Read the full story here Web Link posted Sunday, August 19, 2012, 8:51 AM
Town Square
Locals aren't buying Palo Alto's newest green-energy program
Original post made on Aug 19, 2012
Read the full story here Web Link posted Sunday, August 19, 2012, 8:51 AM
Comments (24)
a resident of Adobe-Meadow
on Aug 19, 2012 at 10:04 am
Our building is located in Transit/Commercial side of San Antonio and we have a large roof suitable for this type of solar installation.
We were NEVER contacted by anyone at the City to participate in the program.
If our experience is similar to others in town...the lack of outreach doomed this program.

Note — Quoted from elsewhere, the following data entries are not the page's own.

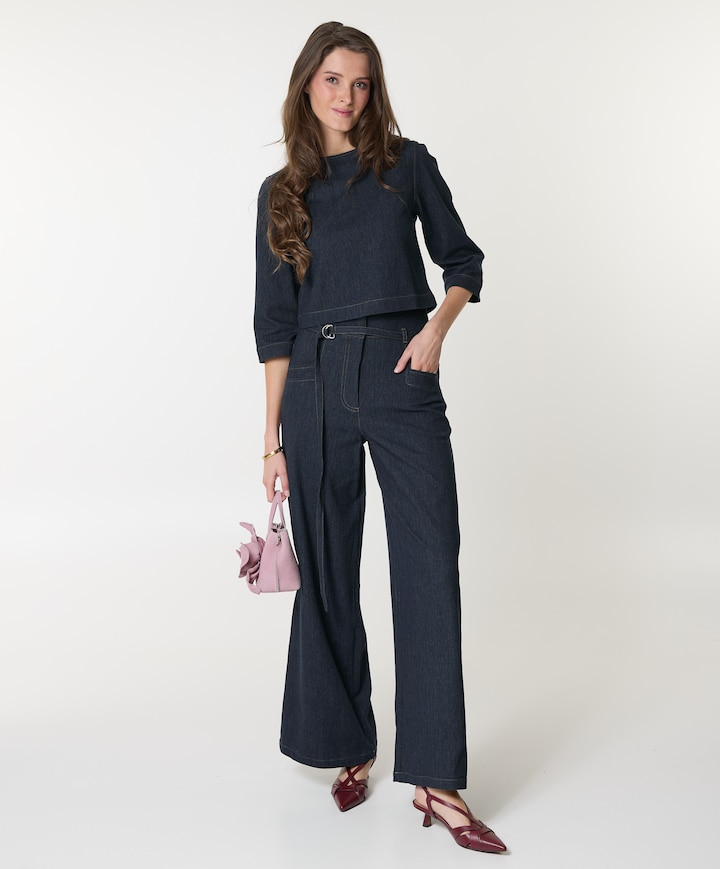 Dames blouse blauw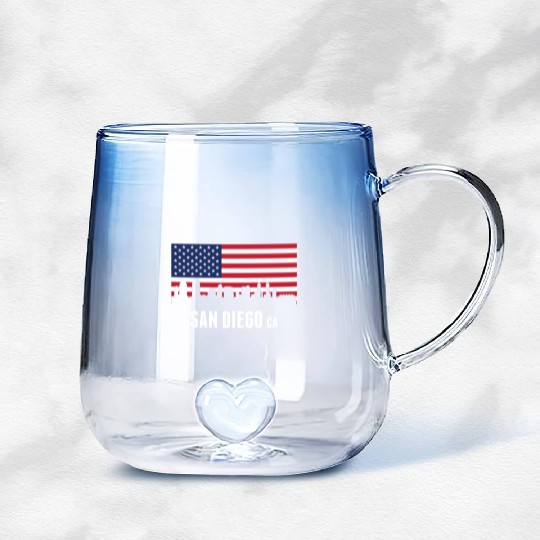 American Flag San Diego Skyline Gradient Glass Mugs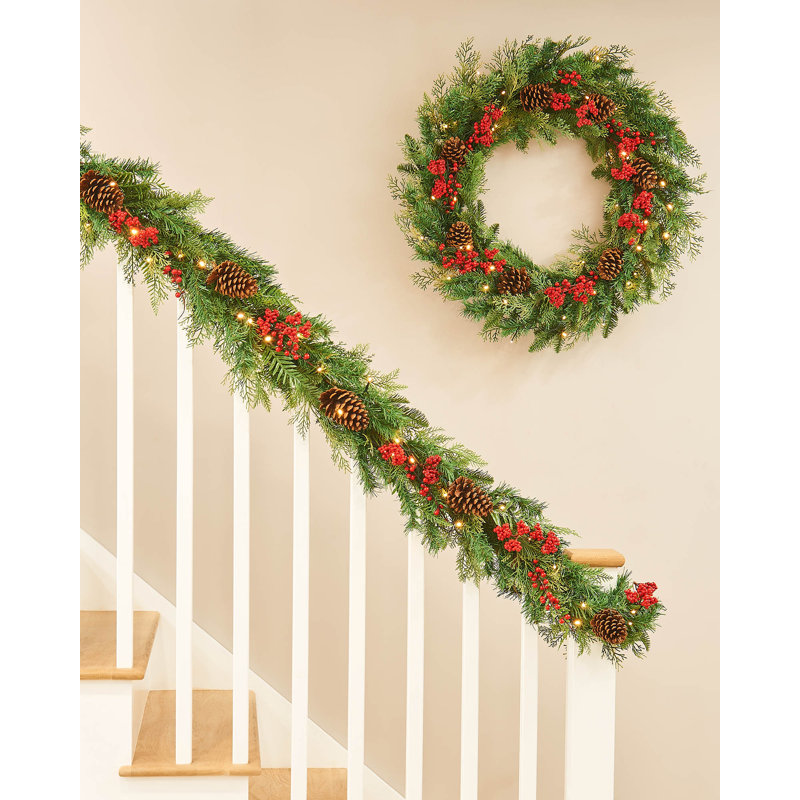 70cm Lighted Faux Garland with Lights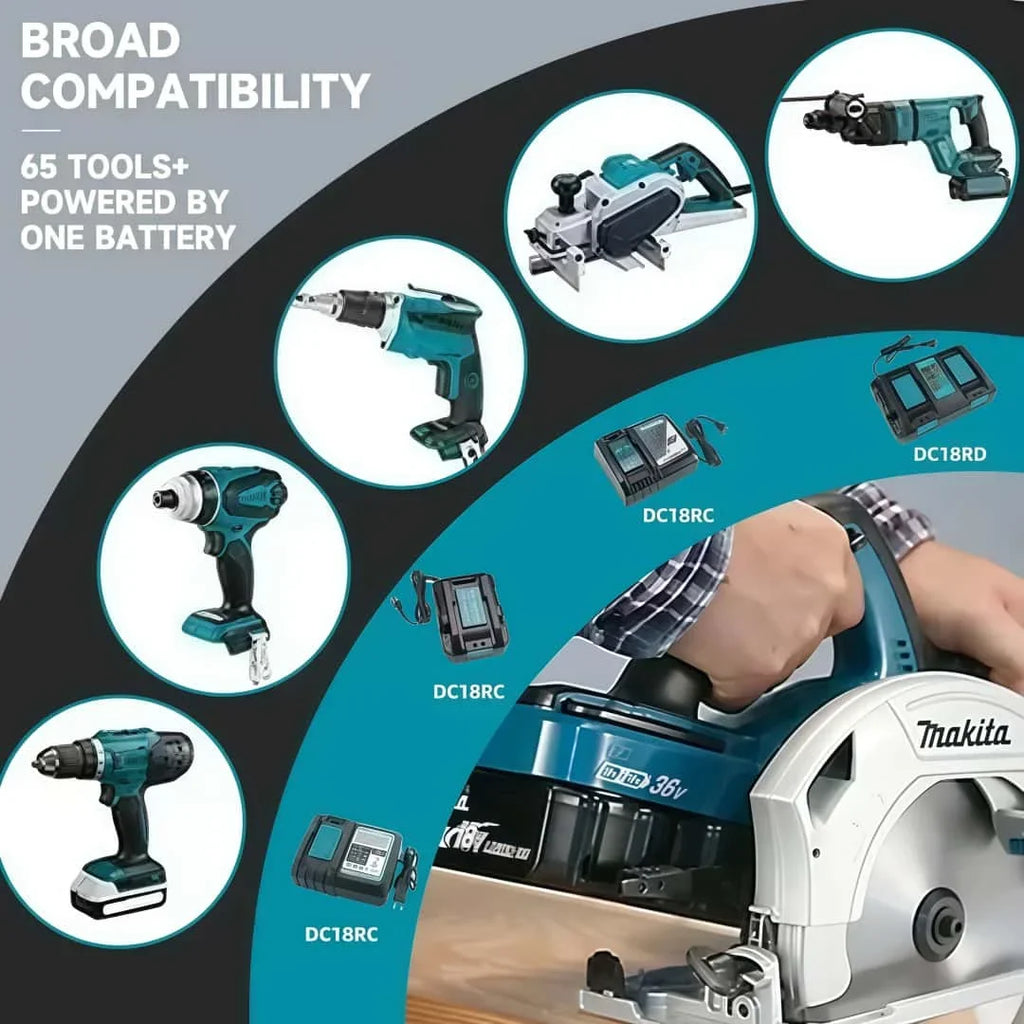 Genuine Makita 6AH BL1860B 18V Battery Power Tool Lithium-Ion Substitute LXT BL1850B BL1840B, Suitable for Use with BMS18V Screw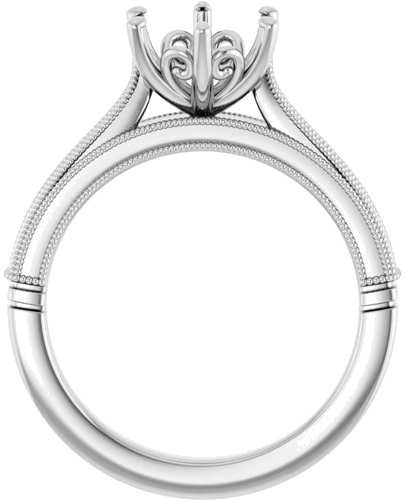 Sužadėtuvių Žiedas „Solitaire“ 585 Baltojo Aukso Round 8mm (2)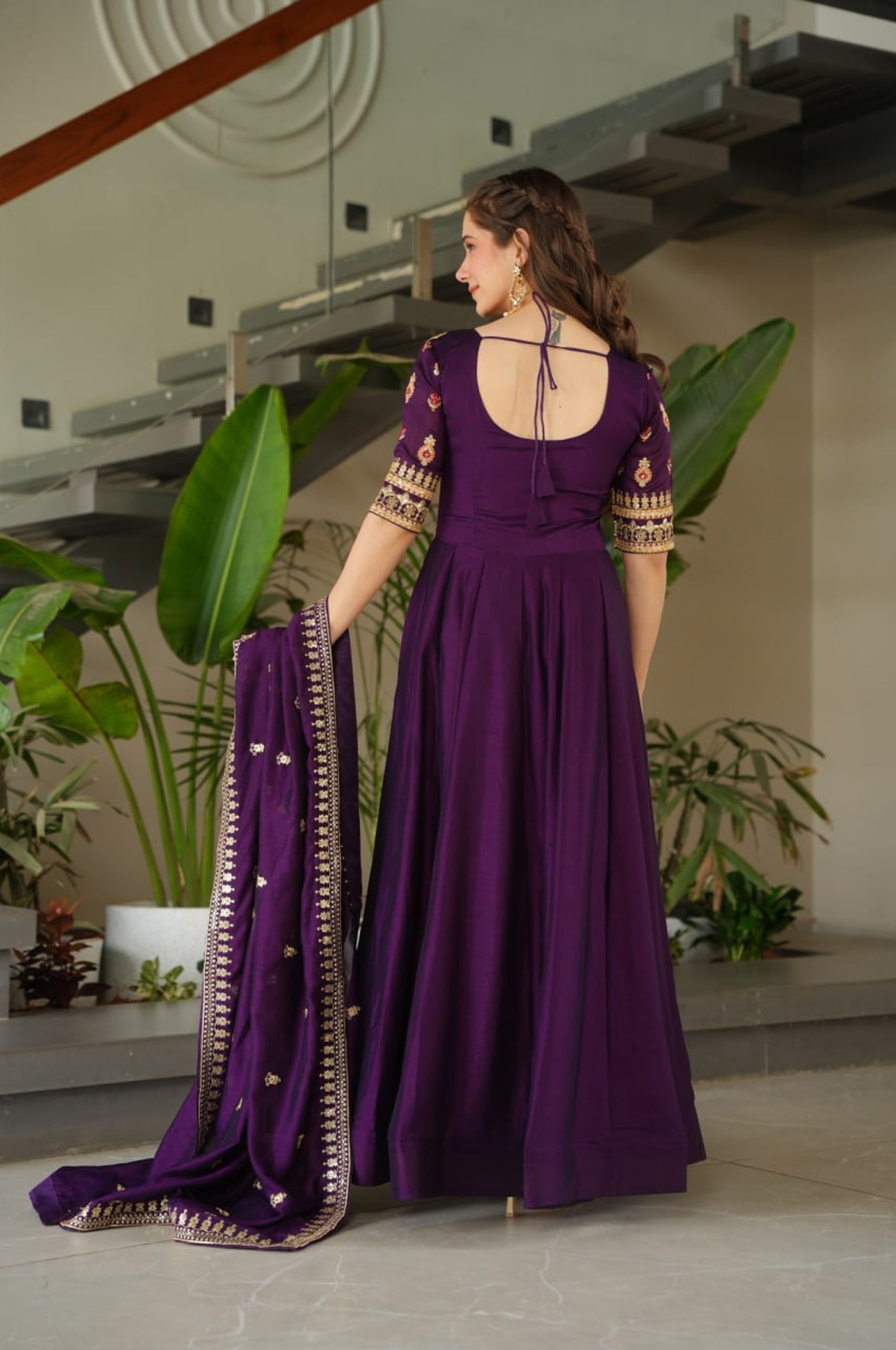 Premium Vichitra Silk Gown with Dupatta (Red & Purple Variants)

Just turning on a web page is not outreach.
a resident of Midtown
on Aug 19, 2012 at 11:08 am
Palo Altans are always big talkers when it comes to the environment, claiming they care so much. But only 20% of residents have agreed to pay higher rates for green energy from the city. That statistic says it all for me -- that 80% of the community doesn't buy in to this sustainability crap that the city is constantly trying to force down our throats.
a resident of Midtown
on Aug 19, 2012 at 12:54 pm
How is it possible that Larry Klein did not sign sign up for this deal? He could have offered his business building roof top for solar panels. He claimed to be very excited about the approach of feed-in tariffs ( Web Link )
Talking green and walking green are not the same thing, apparently.
a resident of Midtown
on Aug 19, 2012 at 2:31 pm
Everyone has the same energy from the same sources in Palo Alto. If you sign up for "green energy" you simply pay more; that's why residents aren't going for this teaser, we're too smart.
a resident of Community Center
on Aug 19, 2012 at 5:31 pm
The ranks of Palo Alto City employees are filled with a surplus of highly paid employees with high sounding titles who are dreaming up exotic plans and mandates for the residents to justify their positions. In order to save money, why not get rid of all non-essential employees and their staff and their far out ideas and concentrate on what's basically important. Most of these people,I'll bet, don't even live here.Frankly,I'm sick and tired of "City Hall" telling me what I can and cannot do .
Start cleaning house in the Planning Department and the Utility Department - and the city manager's floor. Anyone else 'fed up'?
a resident of another community
on Aug 19, 2012 at 9:25 pm
I don't know the program. What if the city paid for the installation and maintenance; had rights to all the electrical generation; and paid a royalty of 1-3 cents per kilowatt. Is there more to this?
OK . . . Make the city promise to use the profit/net revenue for public safety and road maintenance only. No new programs; just the job a city government is supposed to do.
a resident of Another Palo Alto neighborhood
on Aug 20, 2012 at 7:30 am
> hoped to get about 4 megawatts of solar energy from local
> rooftops through this program, enough to power roughly 1,250 homes
This would only be true if each of these 1,250 homes used only an average of 320KW/home--which is very hard to do. If the per-home power use were to be closer to 600KHW/month, then the number of homes powered would drop by half, to something over 600.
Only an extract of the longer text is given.